There’s no more fascinating subject in history than the doomed French Queen Marie Antoinette. Much maligned by history (she never said “Let them eat cake,” in response to the people’s need for bread), she was an unwilling part of the one of the greatest revolutions in history. And met an untimely end at the guillotine in 1793. While she loved jewelry, and possessed many magnificent jewels, she often preferred simple muslin gowns and very little jewelry. Many of the portraits of her by Elisabeth Vigee-Lebrun show her dressed just like that.

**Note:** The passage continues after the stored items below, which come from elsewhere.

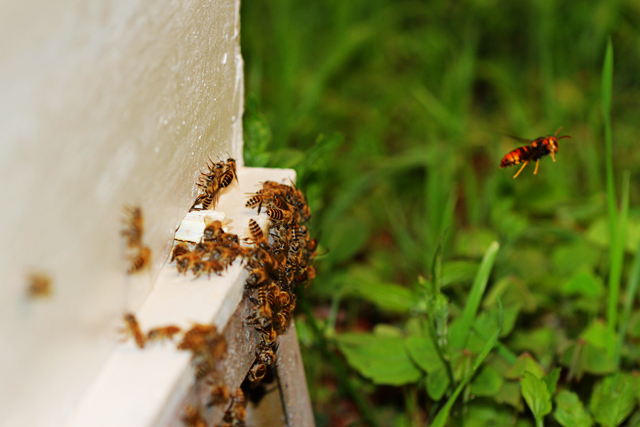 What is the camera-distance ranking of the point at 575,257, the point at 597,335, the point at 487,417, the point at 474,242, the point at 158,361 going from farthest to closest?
the point at 474,242 → the point at 575,257 → the point at 597,335 → the point at 487,417 → the point at 158,361

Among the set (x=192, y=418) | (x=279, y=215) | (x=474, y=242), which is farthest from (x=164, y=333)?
(x=474, y=242)

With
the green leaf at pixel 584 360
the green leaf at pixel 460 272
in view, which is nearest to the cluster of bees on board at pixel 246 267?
the green leaf at pixel 460 272

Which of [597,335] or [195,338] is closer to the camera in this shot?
[195,338]

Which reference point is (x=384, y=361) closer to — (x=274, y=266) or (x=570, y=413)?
(x=570, y=413)

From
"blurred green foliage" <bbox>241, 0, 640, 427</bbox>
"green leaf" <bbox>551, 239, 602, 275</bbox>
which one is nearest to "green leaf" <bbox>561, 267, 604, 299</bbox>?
"blurred green foliage" <bbox>241, 0, 640, 427</bbox>

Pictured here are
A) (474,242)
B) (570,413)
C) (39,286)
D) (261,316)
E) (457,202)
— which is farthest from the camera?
(457,202)

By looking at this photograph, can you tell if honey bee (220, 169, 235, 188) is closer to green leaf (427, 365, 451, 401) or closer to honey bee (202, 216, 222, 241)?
honey bee (202, 216, 222, 241)

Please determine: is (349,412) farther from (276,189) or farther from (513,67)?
(513,67) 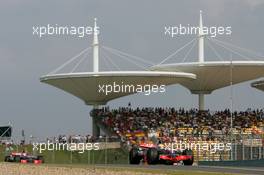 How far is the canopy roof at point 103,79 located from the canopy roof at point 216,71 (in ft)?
5.75

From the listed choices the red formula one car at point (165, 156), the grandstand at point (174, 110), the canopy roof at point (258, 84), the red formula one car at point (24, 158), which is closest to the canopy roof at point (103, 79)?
the grandstand at point (174, 110)

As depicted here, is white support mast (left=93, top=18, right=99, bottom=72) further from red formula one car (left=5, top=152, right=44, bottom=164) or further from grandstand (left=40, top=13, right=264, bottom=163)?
red formula one car (left=5, top=152, right=44, bottom=164)

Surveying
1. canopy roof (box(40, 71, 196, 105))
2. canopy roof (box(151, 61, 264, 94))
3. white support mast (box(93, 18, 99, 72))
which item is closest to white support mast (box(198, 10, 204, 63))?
canopy roof (box(151, 61, 264, 94))

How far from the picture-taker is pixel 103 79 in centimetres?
6781

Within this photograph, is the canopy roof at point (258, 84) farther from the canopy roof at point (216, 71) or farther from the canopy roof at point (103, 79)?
the canopy roof at point (103, 79)

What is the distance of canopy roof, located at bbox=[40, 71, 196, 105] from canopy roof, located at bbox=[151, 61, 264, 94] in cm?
175

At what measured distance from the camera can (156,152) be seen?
4366 centimetres

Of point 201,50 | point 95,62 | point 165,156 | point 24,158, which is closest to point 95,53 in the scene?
point 95,62

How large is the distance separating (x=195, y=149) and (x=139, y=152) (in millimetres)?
7897

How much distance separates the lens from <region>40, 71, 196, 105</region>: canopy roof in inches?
2623

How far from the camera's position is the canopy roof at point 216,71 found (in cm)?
7131

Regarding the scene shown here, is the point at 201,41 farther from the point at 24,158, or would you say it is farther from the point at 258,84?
the point at 24,158

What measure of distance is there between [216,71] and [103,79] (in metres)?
10.9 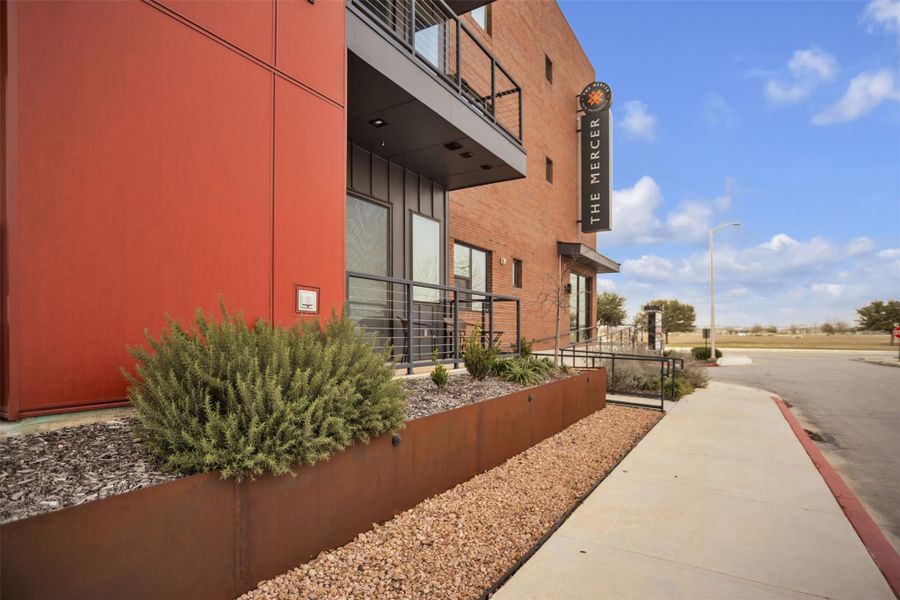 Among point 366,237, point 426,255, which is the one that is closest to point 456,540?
point 366,237

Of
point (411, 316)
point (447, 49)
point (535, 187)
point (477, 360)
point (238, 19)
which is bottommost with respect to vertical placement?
point (477, 360)

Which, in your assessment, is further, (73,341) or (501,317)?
(501,317)

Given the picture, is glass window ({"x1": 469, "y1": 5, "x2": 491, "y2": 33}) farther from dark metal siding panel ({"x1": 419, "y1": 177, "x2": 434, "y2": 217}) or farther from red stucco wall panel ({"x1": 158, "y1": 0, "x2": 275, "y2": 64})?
red stucco wall panel ({"x1": 158, "y1": 0, "x2": 275, "y2": 64})

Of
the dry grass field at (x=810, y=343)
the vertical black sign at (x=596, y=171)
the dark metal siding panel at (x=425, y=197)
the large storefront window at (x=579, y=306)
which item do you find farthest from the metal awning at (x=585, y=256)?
the dry grass field at (x=810, y=343)

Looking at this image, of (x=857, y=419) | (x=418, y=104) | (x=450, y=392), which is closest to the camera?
(x=450, y=392)

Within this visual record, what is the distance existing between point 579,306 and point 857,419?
12560mm

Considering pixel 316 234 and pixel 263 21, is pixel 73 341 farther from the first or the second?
pixel 263 21

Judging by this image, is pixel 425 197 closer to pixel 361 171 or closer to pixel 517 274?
pixel 361 171

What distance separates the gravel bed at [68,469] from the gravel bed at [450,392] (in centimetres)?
230

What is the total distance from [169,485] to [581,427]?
6360 mm

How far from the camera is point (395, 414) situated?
3.80m

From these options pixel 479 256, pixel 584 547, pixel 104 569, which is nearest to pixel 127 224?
pixel 104 569

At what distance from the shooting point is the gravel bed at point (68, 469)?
2231 mm

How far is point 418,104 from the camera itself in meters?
6.40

Two large, pear-shaped diamond earrings, weighing 14.25 and 20.34 carats respectively, are part of the Smithsonian Institution’s collection. The diamonds once were supposedly set in earrings that belonged to Marie Antoinette and some sources say they were her favorite pieces of jewelry and she wore them constantly. They were taken from her during an attempt to flee France as the Revolution dawned and the position of the Royals became dangerous.
The diamonds were later acquired by the Grand Duchess Tatiana Yousupoff of Russia. When jeweler Pierre Cartier puchased the diamond earrings in 1928, their authenticity was attested to in an affidavit by Russian Princess Zenaide Yousupoff and her son, Prince Felix Yousupoff, stating that they originally belonged to Queen Marie-Antoinette and have never been reset in the one hundred years that they were in the family.
Marjorie Merriweather Post acquired the earrings from Pierre Cartier in October 1928. Harry Winston reset the large diamonds in platinum replicas of the original silver settings in 1959. Cartier, Inc. designed the triangular tops. In November 1964, Mrs. Post’s daughter, Mrs. Eleanor Barzin, donated the earrings, along with the original setting to the Smithsonian Institution. The diamonds are originally from India or Brazil, the only significant sources of diamonds in the eighteenth century.